The Roadster gave the company both a commercial and a practical testing ground for its innovative products. The amount of data collected helped create the younger Model S, which The Verge dubs the company’s flagship model. Now it seems the relationship between these two models is flipping, as the younger model is now informing and enabling the update for its older relative.

Promises Following Promises for the Roadster and Model S

On the company’s blog, the more detailed announcement for the battery upgrades begins: “Battery technology has continued a steady improvement in recent years, as has our experience in optimizing total vehicle efficiency through Model S development. We have long been excited to apply our learning back to our first vehicle, and are thrilled to do just that with the prototype Roadster 3.0 package.”

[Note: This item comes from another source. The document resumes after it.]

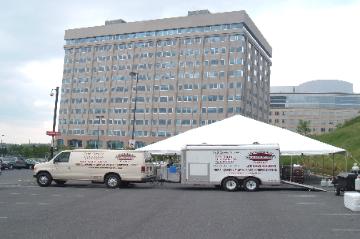 corporate event catering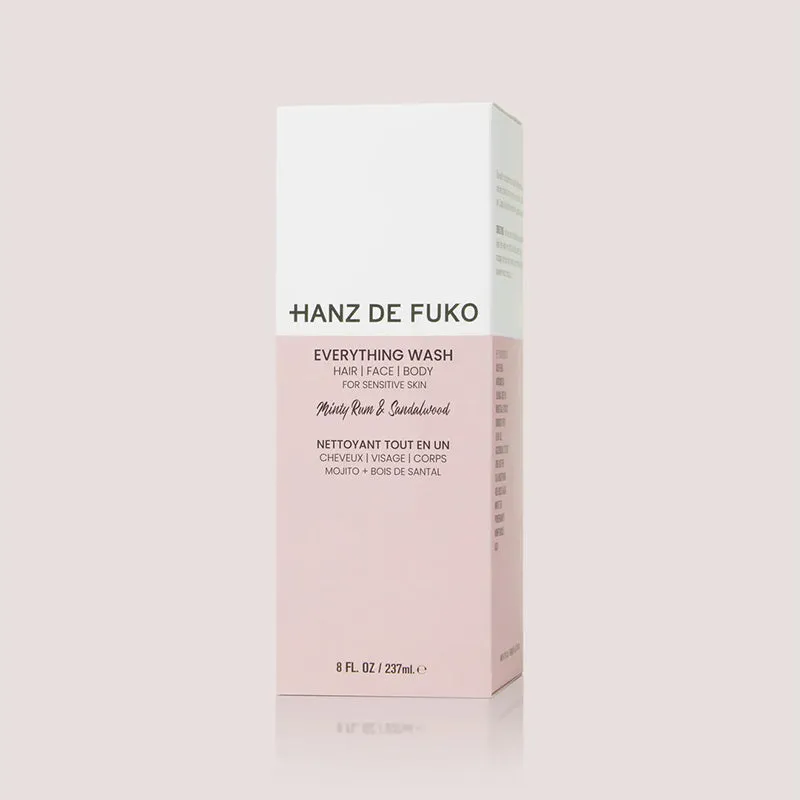 Hanz de Fuko - Everything Wash, 237ml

The hype cycle is revving its engine again already, though, with the company’s more recent Model S. Even though it already boasts an impressive 265-mile range, the Model S has been promised an enhancement similar to that of the Roadster. The upgrade was teased all the way from June to December, but the Tweet in which Musk made the “long-term” promise to extend the update to the Model S has since been deleted from his account. However, Tesla’s blog introduces the Roadster 3.0 upgrade post with a vague promise of a similar “major range upgrade…expected in the near term” for the Model S battery pack.

Tesla Model S

The 2012 Tesla Model S. Credit:

Tesla’s Staying on the Forefront

Tesla continually emphasizes its top-of-the-field efficiency, point by point, in recalling its 2008 launch. On its blog post, the company summarizes its growth:

“The original Roadster battery was the very first lithium ion battery put into production in any vehicle. It was state of the art in 2008, but cell technology has improved substantially since then. We have identified a new cell that has 31 percent more energy than the original Roadster cell. Using this new cell we have created a battery pack that delivers roughly 70kWh in the same package as the original battery.”

On top of the improved battery performance, the Roadster 3.0 will get a boost in range coming from its redesigned aerodynamics and low rolling resistance.

Testing the Roadster 3.0 on Real Roads

Tesla will be demonstrating its promised range with a “real world” test drive in “the early weeks of 2015,” according to the company. “There is a set of speeds and driving conditions,” says the blog, “where we can confidently drive the Roadster 3.0 over 400 miles.”

Even if the Roadster 3.0 isn’t the company’s “flagship” model, it may become the companies renewed demonstration of its ability to push boundaries for efficiency. The feedback system between the two models, the Model S and the Roadster, could very well echo itself all over again. If the Roadster upgrade proves successful, then it could guide another upgrade for the Model S.

While the Model S’s upgrade may be in the undefined future, the sport car’s progress toward commercial reinvention is already in motion. “Appointments for upgrading Roadsters will be taken this spring once the new battery pack finishes safety validation,” according to Tesla. “We are confident that this will not be the last update the Roadster will receive in the many years to come.”